→ **BRIEF**
Exact reproduction is required for the lines below starting at the line with "Естакада в гаражі" and ending at the line with "Cala Gonone: Sailing", both included. No other lines, and no pictures.

→ **STORED DATA**
--
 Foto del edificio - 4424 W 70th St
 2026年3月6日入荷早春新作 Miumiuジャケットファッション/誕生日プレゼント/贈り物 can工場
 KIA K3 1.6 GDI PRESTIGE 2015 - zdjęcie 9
--
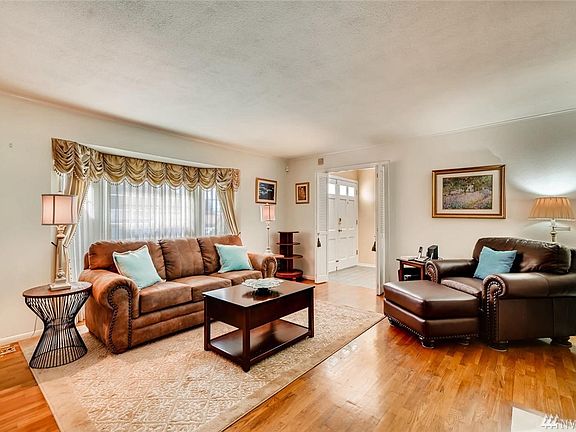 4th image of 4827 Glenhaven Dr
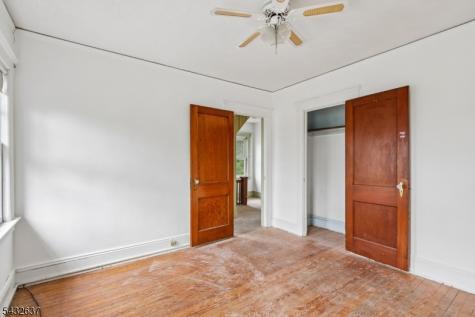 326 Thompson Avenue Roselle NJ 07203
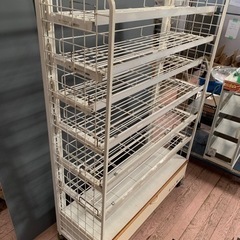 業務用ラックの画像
--
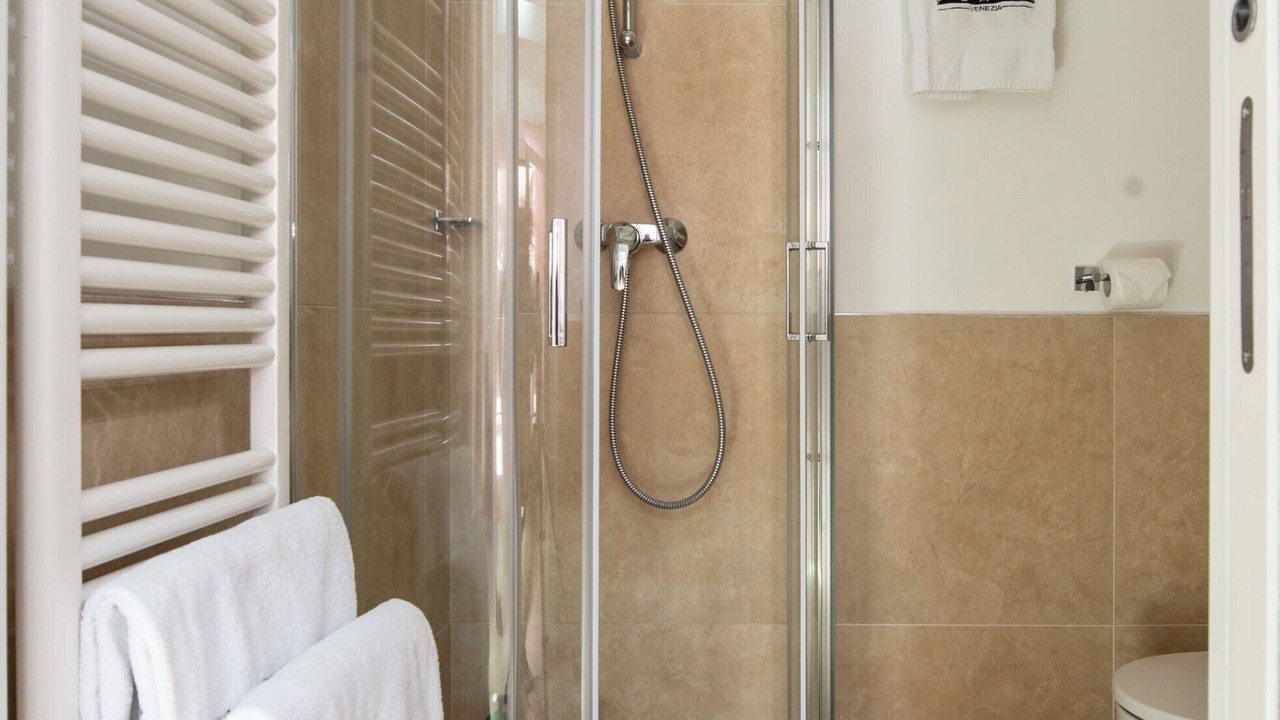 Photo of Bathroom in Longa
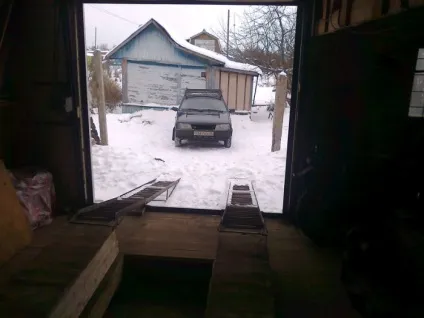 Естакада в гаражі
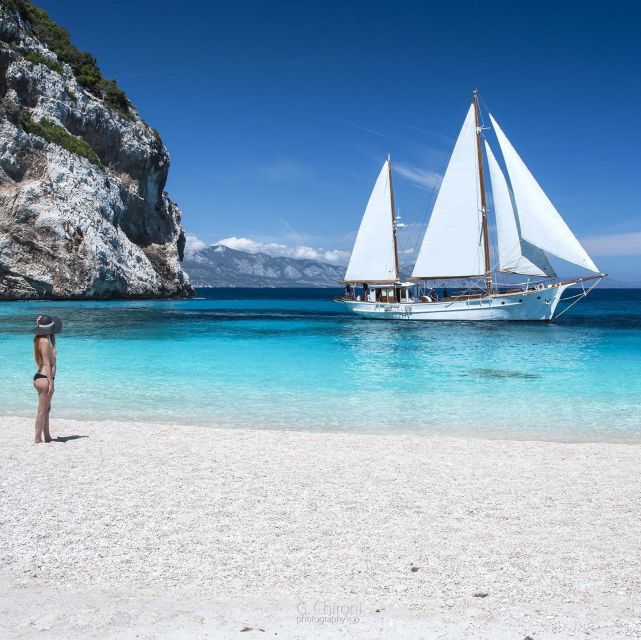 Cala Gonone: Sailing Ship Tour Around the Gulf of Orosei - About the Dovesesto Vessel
--
→ **ANSWER BOX**
 Естакада в гаражі
 Cala Gonone: Sailing Ship Tour Around the Gulf of Orosei - About the Dovesesto Vessel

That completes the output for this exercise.